ALBUQUERQUE, N.M.—John Steinbeck and the Joad family might have appreciated the noisy spectacle on the ghost of Route 66 here Saturday.

Central Avenue, once part of the iconic highway, roiled with several hundred loud, raucous protesters of all descriptions near Nob Hill, revealing the depth of the disgust in Albuquerque over the greed and indifference of the U.S. financial and political elite. This was the the most diverse of three demonstrations and marches inspired by Occupy Wall Street that have taken place on successive Saturdays in Albuquerque. Similar demonstrations of populist outrage across the country and globe are being reported today.

The last time the economy was this bad was the Depression, which Steinbeck personalized in The Grapes of Wrath (1940) with the Joads, Oklahoma farmers who packed their life belongings into a beat-up truck and fled the Dust Bowl along U.S. 66, the major east-west highway, through Albuquerque, Grants and Gallup, N.M., in search of jobs in California.
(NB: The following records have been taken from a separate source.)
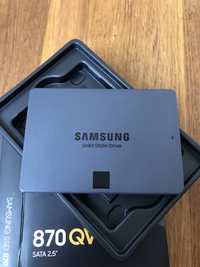 Жорсткий диск samsung 870 qvo 1tb sata 2.5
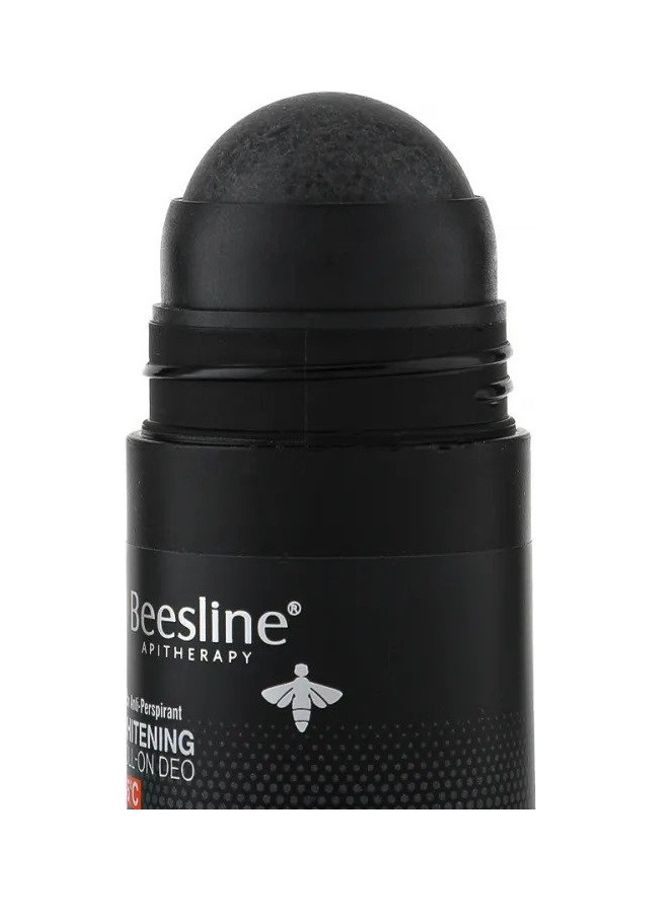 Beesline Whitening Roll-on Deodorant Heat Protection for Men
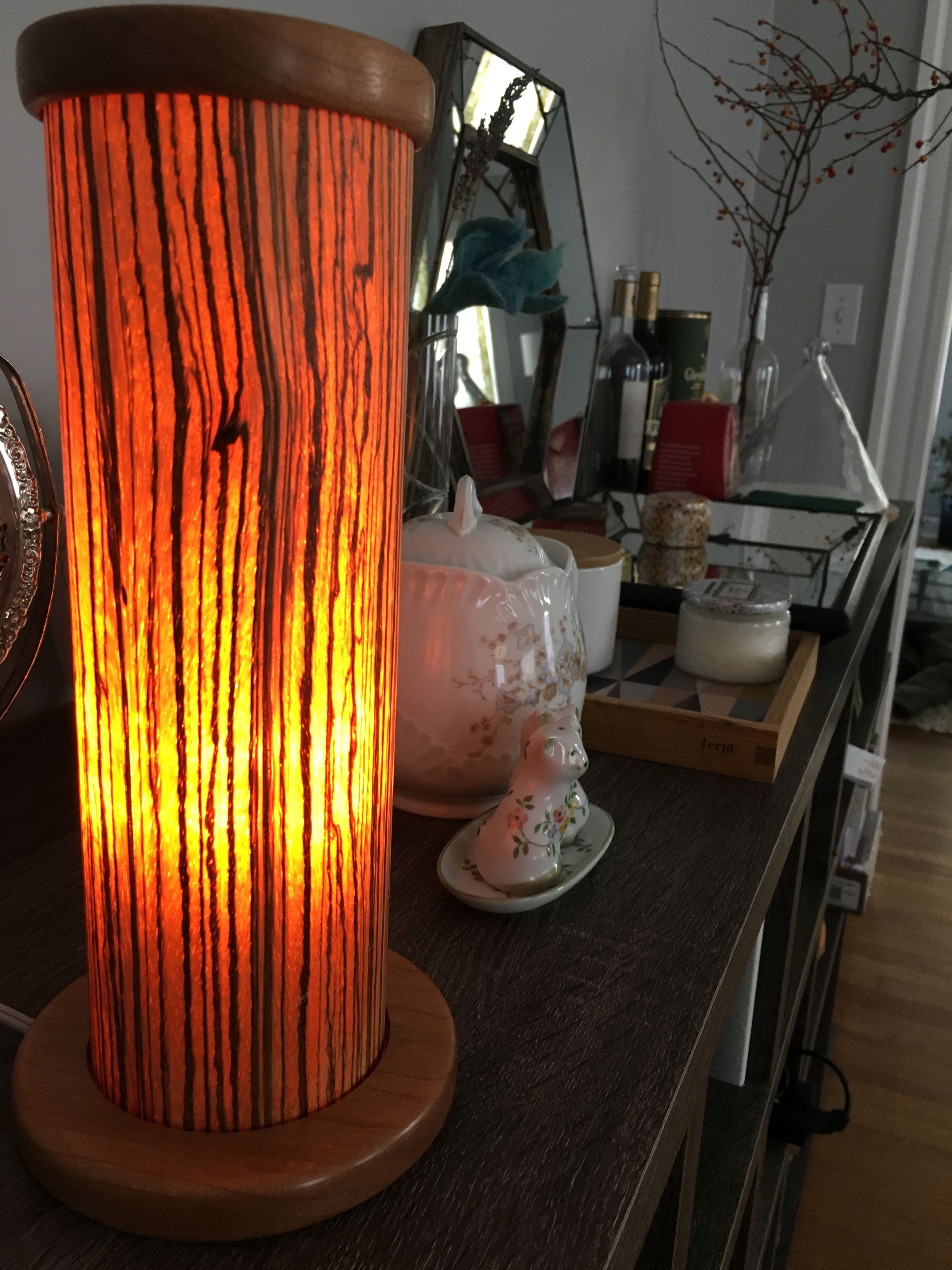 Wood Light - Kolbo 2 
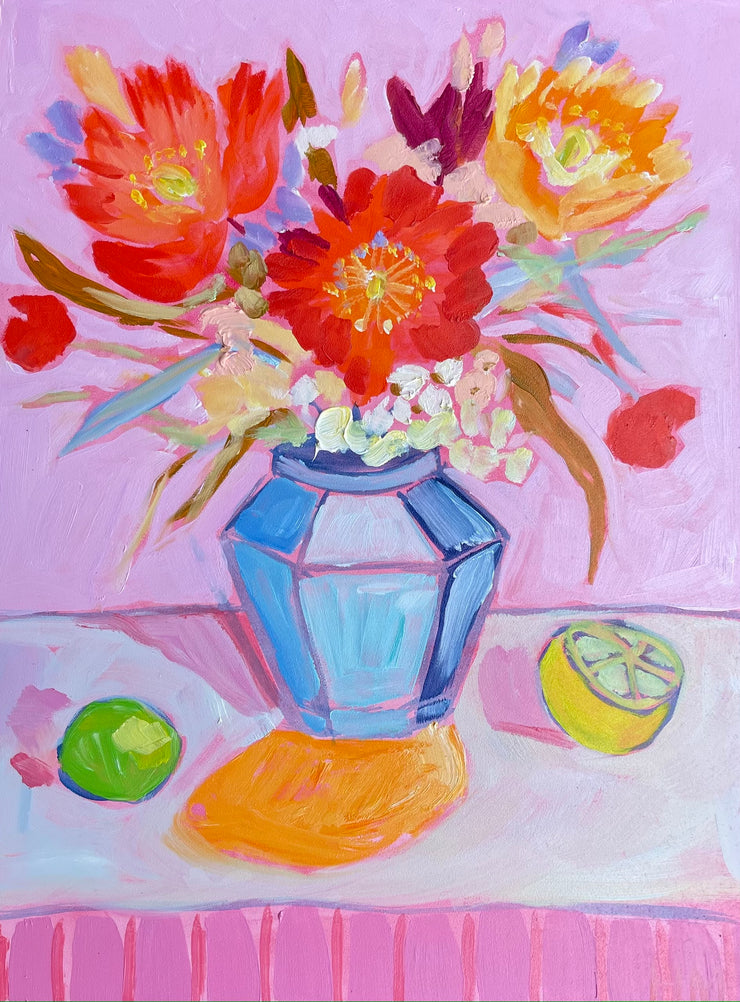 Flower Burst IV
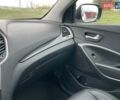 Белый Хендай Санта Фе, объемом двигателя 2.2 л и пробегом 168 тыс. км за 18300 $, фото 41 на Automoto.ua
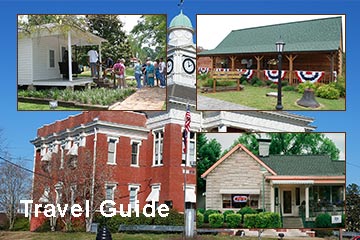 Natchez Trace Parkway Travel Guide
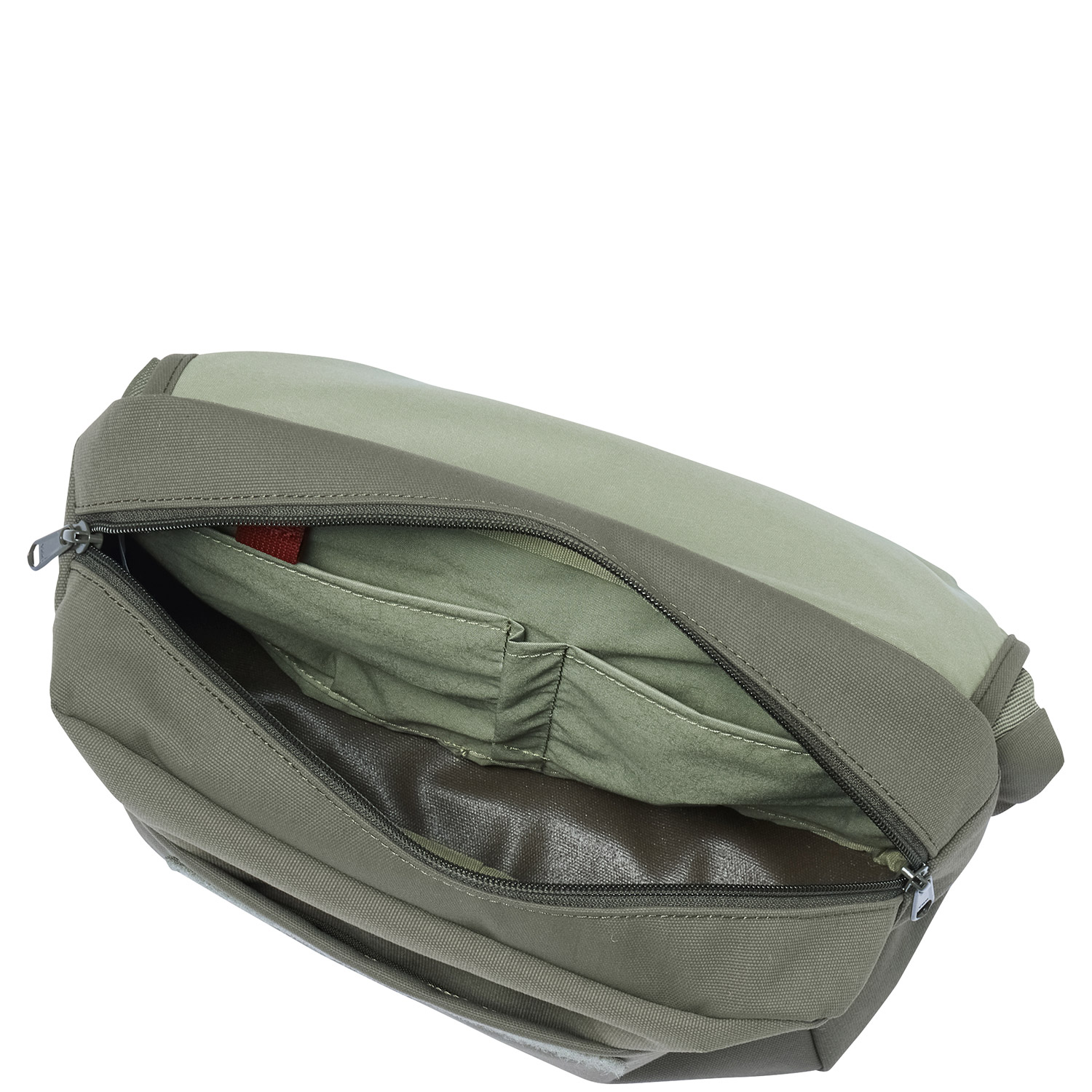 Vaude Umhängetasche Coreway Shoulderbag 6 khaki Abbildung 4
While chant of the emerging Occupation movement, “We are the 99%,” is sounding more and more convincing, stunned critics are sharpening their attacks. OWS organizers were derided as “Lenin's ‘useful idiots’ in Manhattan” by one Ellis Washington:

For the past month, the liberal fascist mobs have been protesting American exceptionalism, capitalism and its symbolic embodiment, Wall Street in Manhattan. These legions of largely white hippie-types, are unwashed, unshaved, unemployed, unemployable masses; prone to violence, conspicuous drug use, rantings, cursing, public defecation on police cars and promiscuous sex —yet are clueless as to what, why or who they are even protesting.

Mr. Washington would be wise to step away from his computer and TV for a moment to venture into the streets.